Ein paar Kilometer weiter nördlich, nahe der Karl-Marx-Straße. In einer kopfsteingepflasterteten Seitenstraße beginnt scheinbar eine andere Welt. Der Lärm des Zentrums lässt nach, die Häuser wirken ländlich, aus dem Nichts taucht ein Holzzaun auf, hinter dem Bäume und Sträucher hervorragen. Die kleinen Häuser gegenüber gehören zum Böhmischen Dorf, einer kleinen Gemeinde aus dem 18. Jahrhundert, die Bäume und Sträucher sind Teil des Comenius-Gartens. Auf der Karte ist er mit einem Smiley gekennzeichnet, der die Augen gesenkt hält und zu meditieren scheint. "Spiritueller Ort", lautet die Erklärung. Ein Garten als Ort der Ruhe.
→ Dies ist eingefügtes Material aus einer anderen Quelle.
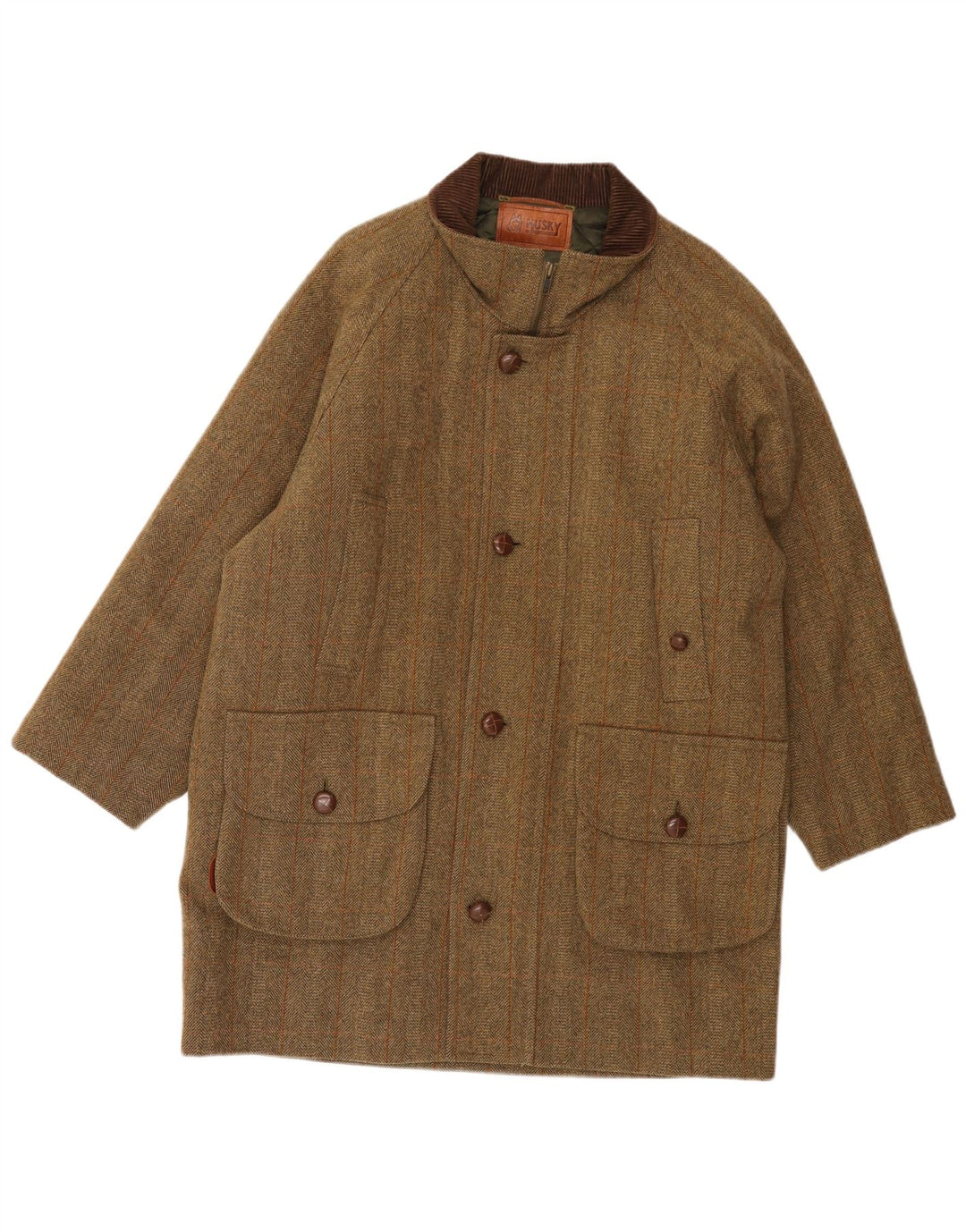 Płaszcz męski HUSKY IT 48 Średni brąz w jodełkę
Gründer und Geschäftsführer Henning Vierck öffnet die Pforte. Der große Mann mit dem weißen Bart wirkt deutlich jünger als jemand, der bald in den Ruhestand gehen soll. 90 Stunden pro Woche, so schätzt er, verbringt er in dem Garten und der angeschlossenen Werkstatt. "Wir wollen hier das Bewusstsein dafür schärfen, dass es Alternativen zu unserem Verhalten gibt", erklärt er das Ziel des 7.000 Quadratmeter großen Areals. Während er eine junge Frau mit Kinderwagen grüßt, erzählt er von einem Jungen, der ihn im Frühling fragte, ob es denn in diesem Jahr nur noch Blumen gebe und kein Obst mehr. "In dem Moment hat er etwas begriffen", sagt Vierck. Dass die gleichen Bäume, die vorher karg auf der Wiese standen und noch vorher Äpfel trugen, auf einmal blühten, öffne bei dem Jungen ein Bewusstsein "fürs Ganze".
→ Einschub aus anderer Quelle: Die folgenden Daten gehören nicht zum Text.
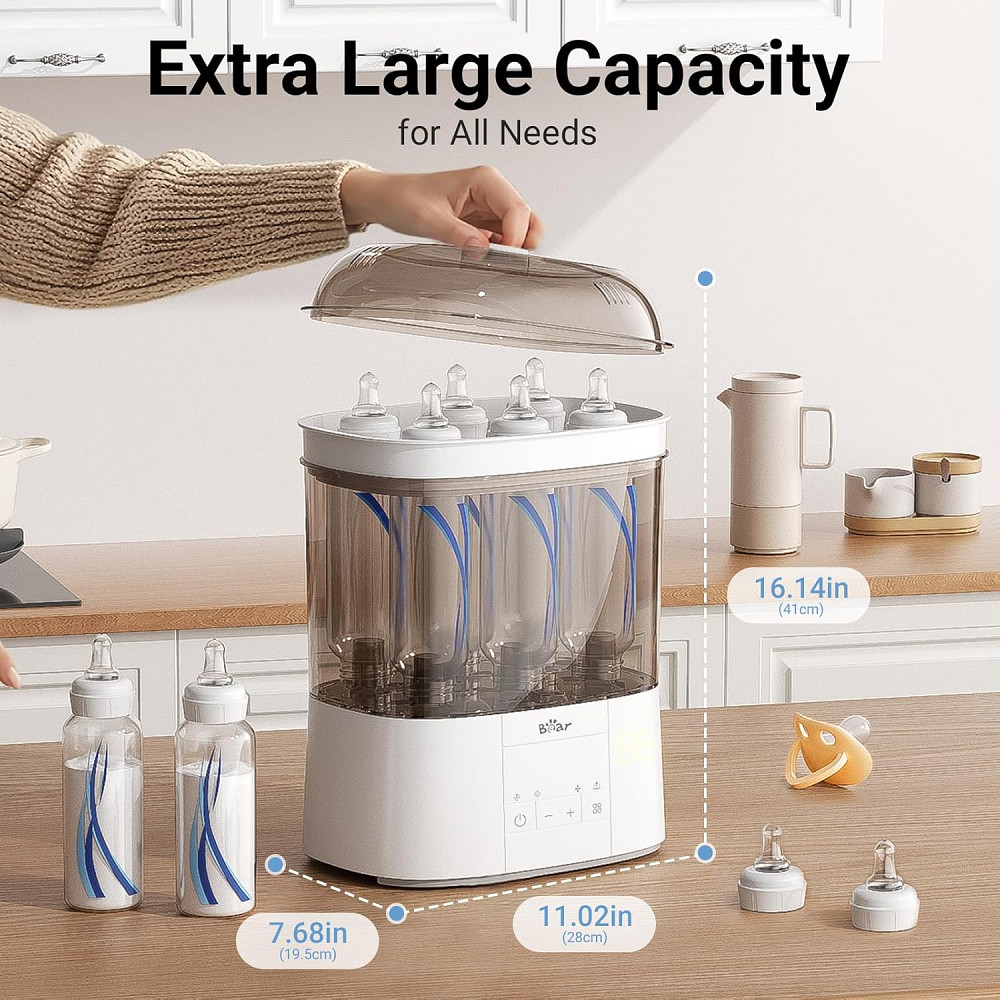 Bear Bottle Sterilizer and Dryer, 2 Layers Large Electric Steam Baby Bottle Sterilizer, Fast Bottle  Richmond - photo 3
Vierck legt Wert darauf, dass vor allem Kinder aus dem Bezirk den Garten nutzen. Verschiedene Schulen aus der Umgebung haben eigene Hochbeete angelegt, die sie pflegen und besuchen. "Die Kinder sammeln hier Erfahrungen, auch Klimaerfahrungen, die sie sonst nicht machen würden." Der Kern: zu lernen, wie etwas Neues geschaffen werden kann, ohne dass dafür etwas anderes zerstört wird.
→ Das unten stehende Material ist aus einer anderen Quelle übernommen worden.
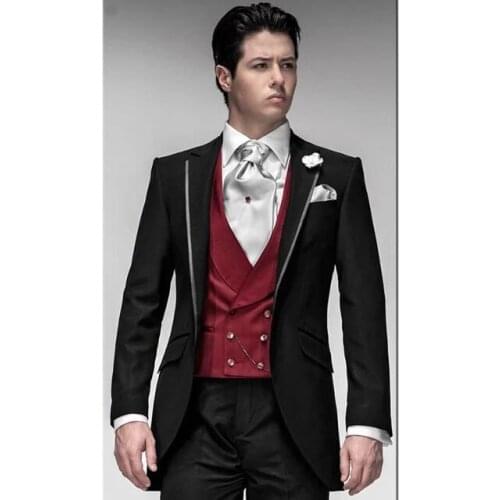 New Arrival Customized Black Notch Lapel Groom Suit Wedding Best Man Tuxedo 3 Pieces Jacket+Pants+Burgundy Vest Formal Men Suits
1995 wurde aus der ehemaligen Brachfläche ein Garten, gefördert vom Senat und Geldern der Lottostiftung. "Er entstand zu einer Zeit, in der die Ökologie noch stärker präsent war", sagt Vierck. Ernten ist hier ausdrücklich erwünscht: Äpfel gibt es und laut Vierck "sämtliche Beerenfrüchte Europas". Zwölf Libellenarten haben sich im Laufe der Jahre in dem Teich angesiedelt, und Vierck berichtet von begeisterten Nachbarn, die vor allem im Sommer die Oase vor ihrer Haustür zu schätzen wissen. Ein Mikroklima wie das hiesige sei in Neukölln nicht so häufig zu finden.

"An bestimmten Stellen können wir mehr machen als eine große Konferenz wie jetzt in Kopenhagen", sagt Vierck und wird dann doch ein bisschen spirituell: "Die Kinder, die hierher kommen, haben einen Ferrari im Kopf. Sie kommen in diesen Garten - und die meisten haben keinen Ferrari mehr im Kopf, wenn sie gehen."